▶ [Source data]
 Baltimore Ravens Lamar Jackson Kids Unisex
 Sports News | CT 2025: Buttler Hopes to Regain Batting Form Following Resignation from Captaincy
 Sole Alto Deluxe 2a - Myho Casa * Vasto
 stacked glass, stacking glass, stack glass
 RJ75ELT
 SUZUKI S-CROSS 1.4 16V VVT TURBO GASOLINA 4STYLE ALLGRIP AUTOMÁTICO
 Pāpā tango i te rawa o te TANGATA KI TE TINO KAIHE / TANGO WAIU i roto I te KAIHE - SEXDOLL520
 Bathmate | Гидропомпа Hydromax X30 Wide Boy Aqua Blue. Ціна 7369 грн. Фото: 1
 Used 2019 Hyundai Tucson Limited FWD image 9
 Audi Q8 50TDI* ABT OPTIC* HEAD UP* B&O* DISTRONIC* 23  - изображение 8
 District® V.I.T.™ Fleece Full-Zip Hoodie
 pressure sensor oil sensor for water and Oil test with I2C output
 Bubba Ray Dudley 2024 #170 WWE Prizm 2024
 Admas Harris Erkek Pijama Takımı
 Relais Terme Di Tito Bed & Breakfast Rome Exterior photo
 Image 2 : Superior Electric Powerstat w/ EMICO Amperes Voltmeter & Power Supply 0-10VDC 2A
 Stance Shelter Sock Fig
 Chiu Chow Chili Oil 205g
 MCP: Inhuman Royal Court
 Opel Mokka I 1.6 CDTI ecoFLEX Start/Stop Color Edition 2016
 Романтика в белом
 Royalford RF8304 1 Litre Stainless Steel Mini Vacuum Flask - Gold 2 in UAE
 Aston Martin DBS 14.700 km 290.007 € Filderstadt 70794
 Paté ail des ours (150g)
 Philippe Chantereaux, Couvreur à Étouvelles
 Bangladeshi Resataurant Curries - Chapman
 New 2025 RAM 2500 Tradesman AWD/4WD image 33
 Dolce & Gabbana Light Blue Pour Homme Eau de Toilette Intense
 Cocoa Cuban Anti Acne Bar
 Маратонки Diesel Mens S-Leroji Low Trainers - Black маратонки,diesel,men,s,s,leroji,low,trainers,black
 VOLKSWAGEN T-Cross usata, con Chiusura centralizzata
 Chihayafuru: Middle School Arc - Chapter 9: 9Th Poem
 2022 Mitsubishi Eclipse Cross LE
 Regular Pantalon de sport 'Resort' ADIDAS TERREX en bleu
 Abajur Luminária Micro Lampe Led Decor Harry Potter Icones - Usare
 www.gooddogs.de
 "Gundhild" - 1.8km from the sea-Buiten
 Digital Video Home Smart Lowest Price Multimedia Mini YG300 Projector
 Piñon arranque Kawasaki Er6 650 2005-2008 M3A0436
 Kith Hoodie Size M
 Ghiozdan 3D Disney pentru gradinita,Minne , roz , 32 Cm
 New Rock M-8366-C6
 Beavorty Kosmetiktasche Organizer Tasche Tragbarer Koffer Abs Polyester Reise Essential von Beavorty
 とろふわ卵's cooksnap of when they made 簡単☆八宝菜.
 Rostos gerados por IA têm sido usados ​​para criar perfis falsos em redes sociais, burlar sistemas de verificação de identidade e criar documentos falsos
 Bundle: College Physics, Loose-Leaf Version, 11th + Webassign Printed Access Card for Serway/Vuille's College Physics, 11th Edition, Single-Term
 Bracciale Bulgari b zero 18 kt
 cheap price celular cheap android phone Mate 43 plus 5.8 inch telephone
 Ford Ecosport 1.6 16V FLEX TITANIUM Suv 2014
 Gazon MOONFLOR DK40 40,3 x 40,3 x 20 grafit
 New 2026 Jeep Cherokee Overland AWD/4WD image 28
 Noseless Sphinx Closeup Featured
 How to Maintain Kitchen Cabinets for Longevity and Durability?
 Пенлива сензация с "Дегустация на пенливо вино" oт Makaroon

▶ [Exercise details] Extract all of the material exactly as it is written.

▶ [Solution to the exercise]
 Baltimore Ravens Lamar Jackson Kids Unisex
 Sports News | CT 2025: Buttler Hopes to Regain Batting Form Following Resignation from Captaincy
 Sole Alto Deluxe 2a - Myho Casa * Vasto
 stacked glass, stacking glass, stack glass
 RJ75ELT
 SUZUKI S-CROSS 1.4 16V VVT TURBO GASOLINA 4STYLE ALLGRIP AUTOMÁTICO
 Pāpā tango i te rawa o te TANGATA KI TE TINO KAIHE / TANGO WAIU i roto I te KAIHE - SEXDOLL520
 Bathmate | Гидропомпа Hydromax X30 Wide Boy Aqua Blue. Ціна 7369 грн. Фото: 1
 Used 2019 Hyundai Tucson Limited FWD image 9
 Audi Q8 50TDI* ABT OPTIC* HEAD UP* B&O* DISTRONIC* 23  - изображение 8
 District® V.I.T.™ Fleece Full-Zip Hoodie
 pressure sensor oil sensor for water and Oil test with I2C output
 Bubba Ray Dudley 2024 #170 WWE Prizm 2024
 Admas Harris Erkek Pijama Takımı
 Relais Terme Di Tito Bed & Breakfast Rome Exterior photo
 Image 2 : Superior Electric Powerstat w/ EMICO Amperes Voltmeter & Power Supply 0-10VDC 2A
 Stance Shelter Sock Fig
 Chiu Chow Chili Oil 205g
 MCP: Inhuman Royal Court
 Opel Mokka I 1.6 CDTI ecoFLEX Start/Stop Color Edition 2016
 Романтика в белом
 Royalford RF8304 1 Litre Stainless Steel Mini Vacuum Flask - Gold 2 in UAE
 Aston Martin DBS 14.700 km 290.007 € Filderstadt 70794
 Paté ail des ours (150g)
 Philippe Chantereaux, Couvreur à Étouvelles
 Bangladeshi Resataurant Curries - Chapman
 New 2025 RAM 2500 Tradesman AWD/4WD image 33
 Dolce & Gabbana Light Blue Pour Homme Eau de Toilette Intense
 Cocoa Cuban Anti Acne Bar
 Маратонки Diesel Mens S-Leroji Low Trainers - Black маратонки,diesel,men,s,s,leroji,low,trainers,black
 VOLKSWAGEN T-Cross usata, con Chiusura centralizzata
 Chihayafuru: Middle School Arc - Chapter 9: 9Th Poem
 2022 Mitsubishi Eclipse Cross LE
 Regular Pantalon de sport 'Resort' ADIDAS TERREX en bleu
 Abajur Luminária Micro Lampe Led Decor Harry Potter Icones - Usare
 www.gooddogs.de
 "Gundhild" - 1.8km from the sea-Buiten
 Digital Video Home Smart Lowest Price Multimedia Mini YG300 Projector
 Piñon arranque Kawasaki Er6 650 2005-2008 M3A0436
 Kith Hoodie Size M
 Ghiozdan 3D Disney pentru gradinita,Minne , roz , 32 Cm
 New Rock M-8366-C6
 Beavorty Kosmetiktasche Organizer Tasche Tragbarer Koffer Abs Polyester Reise Essential von Beavorty
 とろふわ卵's cooksnap of when they made 簡単☆八宝菜.
 Rostos gerados por IA têm sido usados ​​para criar perfis falsos em redes sociais, burlar sistemas de verificação de identidade e criar documentos falsos
 Bundle: College Physics, Loose-Leaf Version, 11th + Webassign Printed Access Card for Serway/Vuille's College Physics, 11th Edition, Single-Term
 Bracciale Bulgari b zero 18 kt
 cheap price celular cheap android phone Mate 43 plus 5.8 inch telephone
 Ford Ecosport 1.6 16V FLEX TITANIUM Suv 2014
 Gazon MOONFLOR DK40 40,3 x 40,3 x 20 grafit
 New 2026 Jeep Cherokee Overland AWD/4WD image 28
 Noseless Sphinx Closeup Featured
 How to Maintain Kitchen Cabinets for Longevity and Durability?
 Пенлива сензация с "Дегустация на пенливо вино" oт Makaroon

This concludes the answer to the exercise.